§ **What the task requires**:
Transcribe all of the records word for word, but omit the pictures.

[Extracted records]
════

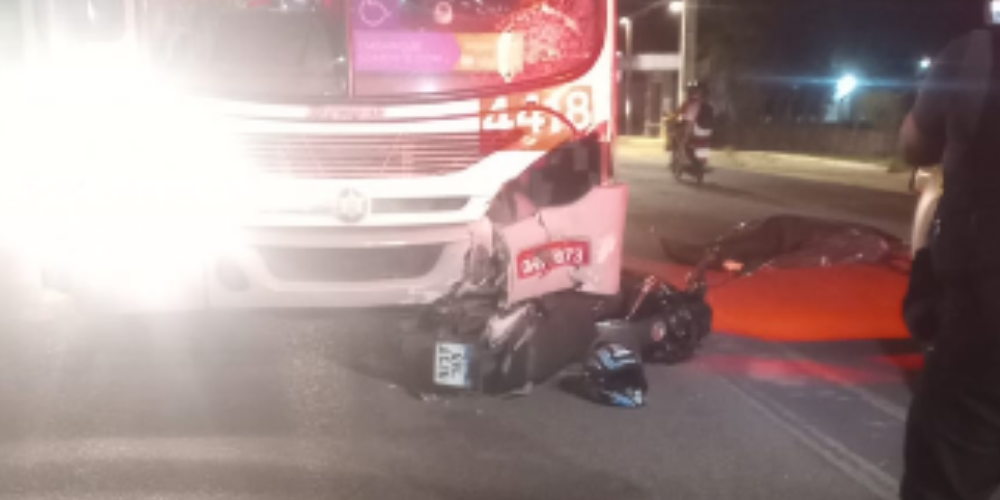 Motociclista morre após colisão com ônibus na parte alta de Maceió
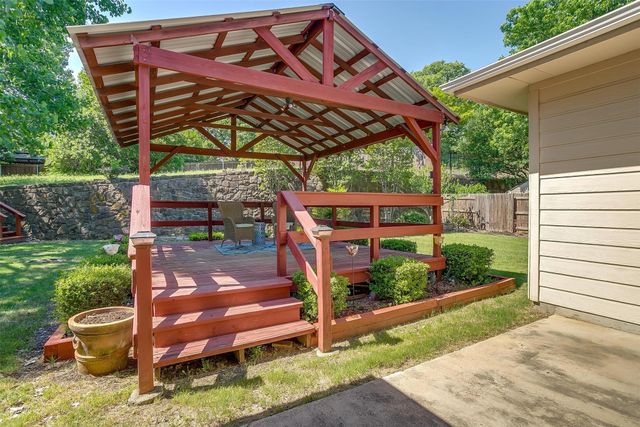 2714 Pinnacle Drive, Burleson, TX 76028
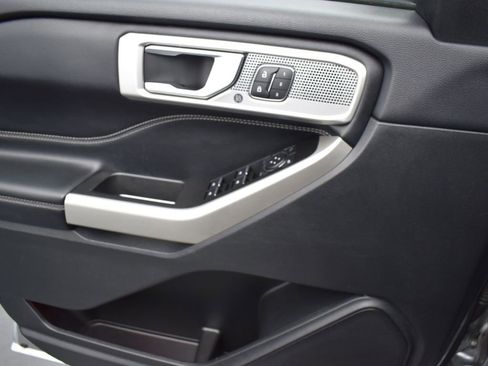 Used 2022 Ford Explorer Limited image 11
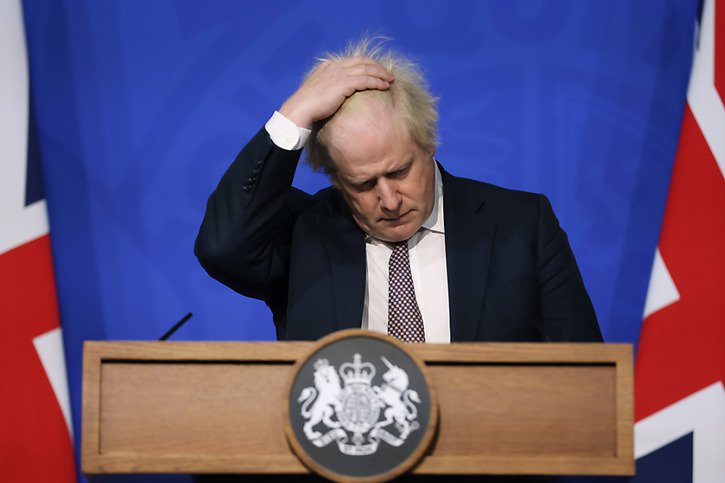 Plongé dans une crise, le Premier ministre britannique Boris Johnson va démissionner de la tête du parti conservateur. © KEYSTONE/AP/Hollie Adams
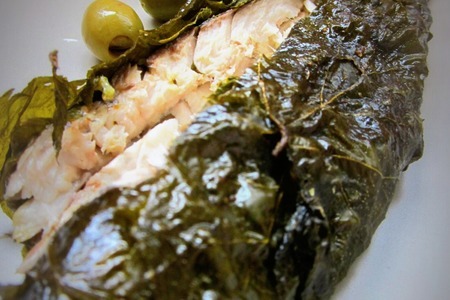 Фото к рецепту: Рыба запечённая в виноградных листьях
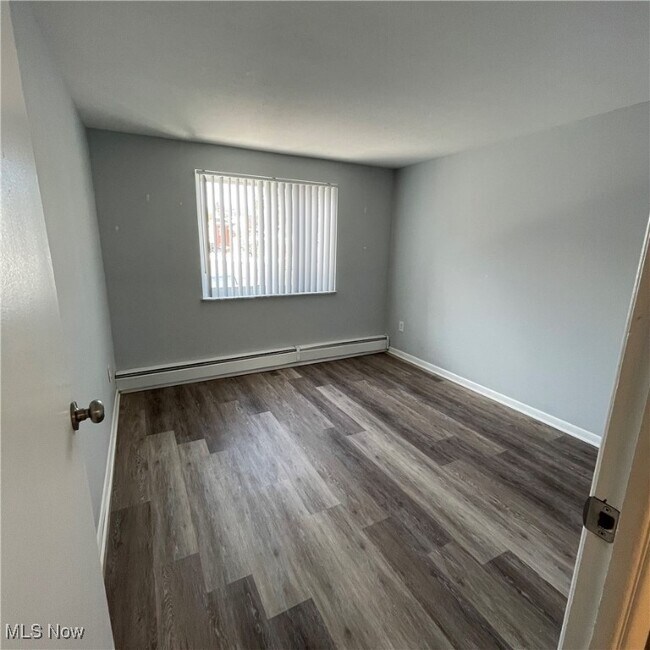 Photo - 20365 Lorain Rd Unidad A-5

════

§ **Written solution**:
 Motociclista morre após colisão com ônibus na parte alta de Maceió
 2714 Pinnacle Drive, Burleson, TX 76028
 Used 2022 Ford Explorer Limited image 11
 Plongé dans une crise, le Premier ministre britannique Boris Johnson va démissionner de la tête du parti conservateur. © KEYSTONE/AP/Hollie Adams
 Фото к рецепту: Рыба запечённая в виноградных листьях
 Photo - 20365 Lorain Rd Unidad A-5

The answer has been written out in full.